Source code for pytest_quantum.assertions.states

"""Statevector-level assertions for quantum tests.

Use these when you have the full output statevector from a simulator (Aer
statevector mode, Cirq simulator, or the Graphix backend) and want to verify
the quantum state directly — more informative than comparing shot distributions.
"""

from __future__ import annotations

from typing import TYPE_CHECKING

import numpy as np

from pytest_quantum.stats.tests import fidelity as _fidelity

if TYPE_CHECKING:
    from numpy.typing import NDArray




[docs]
def assert_state_fidelity_above(
    actual: NDArray[np.complex128],
    target: NDArray[np.complex128],
    threshold: float = 0.99,
) -> None:
    """Assert that two pure quantum states have fidelity at or above *threshold*.

    Fidelity :math:`F = |\\langle\\text{actual}|\\text{target}\\rangle|^2`
    equals 1.0 for identical states (up to global phase) and 0.0 for
    orthogonal states.

    This is the primary assertion for MBQC / Graphix tests where the circuit
    does not have a fixed unitary representation.

    Args:
        actual:    Simulated output statevector, any shape (will be flattened).
        target:    Ideal target statevector, same number of elements.
        threshold: Minimum acceptable fidelity (default ``0.99``).

    Raises:
        AssertionError: If ``fidelity(actual, target) < threshold``.
        ValueError:     If the arrays have incompatible sizes.

    Example::

        import numpy as np
        from pytest_quantum import assert_state_fidelity_above

        BELL = np.array([1, 0, 0, 1], dtype=complex) / np.sqrt(2)

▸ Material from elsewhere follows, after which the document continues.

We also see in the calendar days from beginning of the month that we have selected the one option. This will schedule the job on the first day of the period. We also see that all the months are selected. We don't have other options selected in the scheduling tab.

        def test_bell_graphix(graphix_backend):
            from graphix.transpiler import Circuit

            circuit = Circuit(2)
            circuit.h(0)
            circuit.cnot(0, 1)
            pattern = circuit.transpile().pattern
            output = graphix_backend.run_pattern(pattern)
            assert_state_fidelity_above(output, BELL, threshold=0.999)
    """
    f = _fidelity(actual, target)
    if f < threshold:
        raise AssertionError(
            f"State fidelity too low.\n"
            f"  |⟨actual|target⟩|² = {f:.6f}\n"
            f"  Required            ≥ {threshold}\n"
            f"  Shortfall           = {threshold - f:.2e}"
        )






[docs]
def assert_normalized(statevector: object, *, atol: float = 1e-6) -> None:
    """Assert statevector has unit norm: ||ψ||₂ = 1.

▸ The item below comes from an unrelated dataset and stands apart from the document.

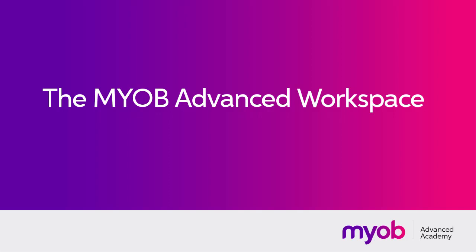Hi, this is Josh from MYOB Enterprise Solutions. In this video we're going to take a look around the user interface of MYOB Advanced and see all of the ways you can get to the functions and information you're looking for.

    A common bug in manual statevector construction is forgetting to normalize.

    Args:
        statevector: Complex array-like of any shape (flattened internally).
        atol: Absolute tolerance from 1.0 (default 1e-6).

    Raises:
        AssertionError: If ||sv||₂ is not within atol of 1.0, showing the actual norm.

    Example::

        >>> import numpy as np
        >>> sv = np.array([1, 0, 0, 0], dtype=complex)  # |00>
        >>> assert_normalized(sv)  # passes

        >>> sv_bad = np.array([1, 1], dtype=complex)  # NOT normalized
        >>> assert_normalized(sv_bad)  # fails: norm = 1.4142
    """
    sv = np.asarray(statevector, dtype=np.complex128).flatten()
    norm = float(np.linalg.norm(sv))
    if abs(norm - 1.0) > atol:
        raise AssertionError(
            f"Statevector is not normalized.\n"
            f"  Norm: {norm:.6f}  (expected 1.0, tolerance: {atol:.2e})\n"
            f"  Deviation: {abs(norm - 1.0):.6f}\n"
            f"  Hint: divide by np.linalg.norm(sv) to normalize."
        )






[docs]
def assert_states_close(
    actual: NDArray[np.complex128],
    target: NDArray[np.complex128],
    *,
    atol: float = 1e-6,
) -> None:
    """Assert that two statevectors are element-wise close, up to global phase.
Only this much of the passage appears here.